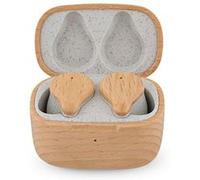 PRIXTON Écouteurs sans fil TWS163, Earbuds avec design en bois ECO, Bluetooth 5.4, Technologie ENC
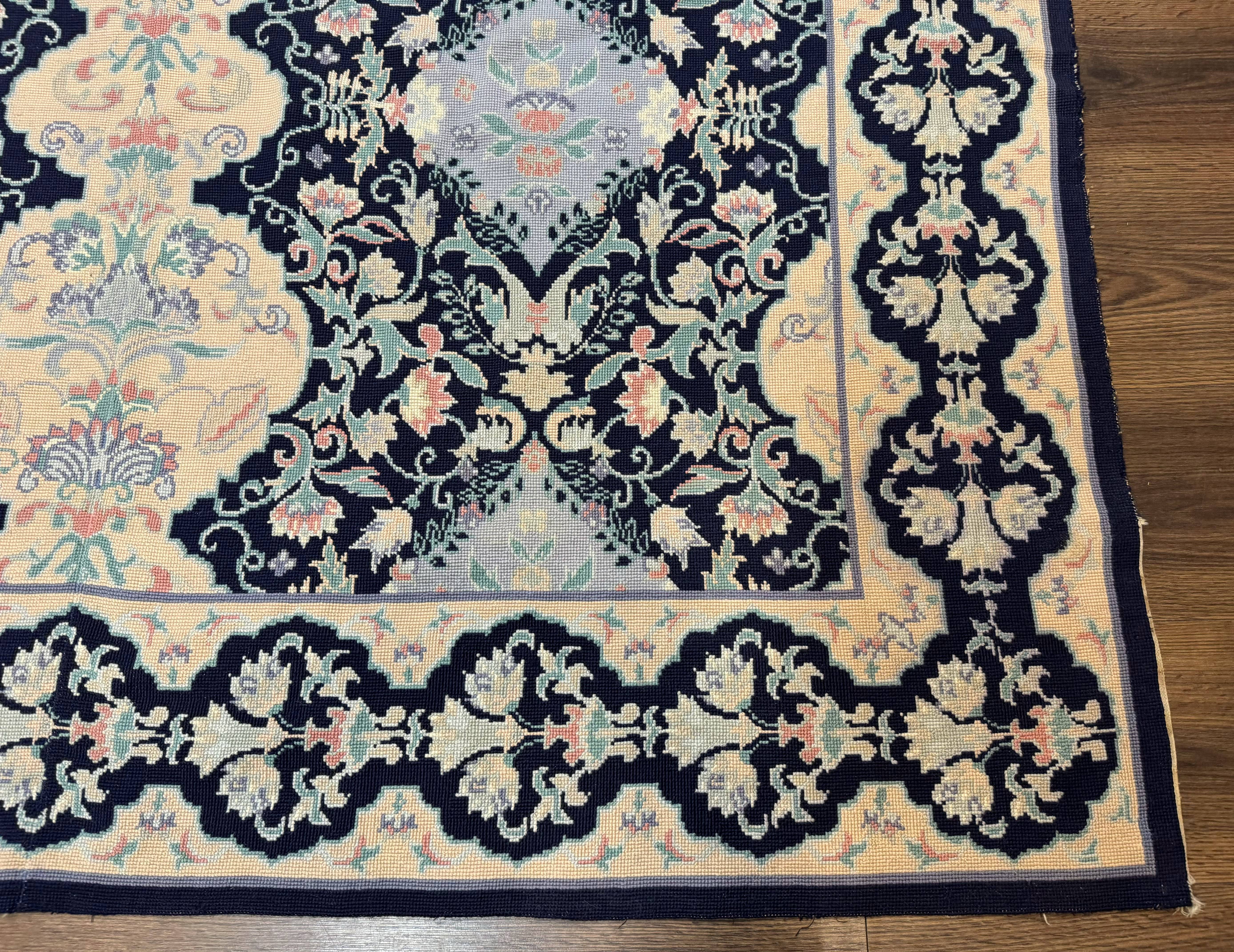 Needlepoint Rug 6x9, Ivory and Navy Blue - Jewel Rugs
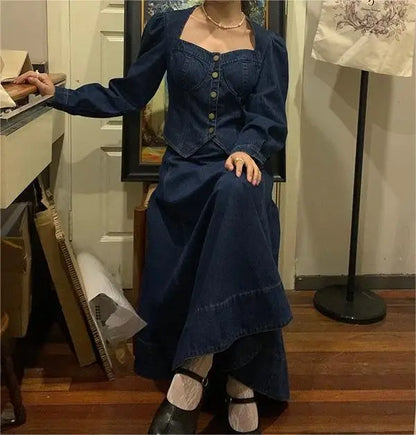 A denim top and long skirt set offers a timeless blend of effortless style and coordinated elegance. The structured denim top adds a flattering, tailored touch, while the flowing long skirt brings movement and grace, creating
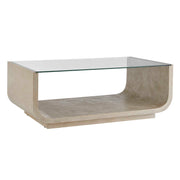 Uttermost Maeva Modern Glass Coffee Table | Ash Burl & Oak Veneer Curved Base | Living Room & Lounge | 46 x 28 x 17 in | Model 51156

——

**Work to be completed:** Write out the lines of the listing from the one that holds "A denim top" to the very last line, both included, exactly as they appear and without any pictures.

**Answer to this problem:**
 A denim top and long skirt set offers a timeless blend of effortless style and coordinated elegance. The structured denim top adds a flattering, tailored touch, while the flowing long skirt brings movement and grace, creating
 Uttermost Maeva Modern Glass Coffee Table | Ash Burl & Oak Veneer Curved Base | Living Room & Lounge | 46 x 28 x 17 in | Model 51156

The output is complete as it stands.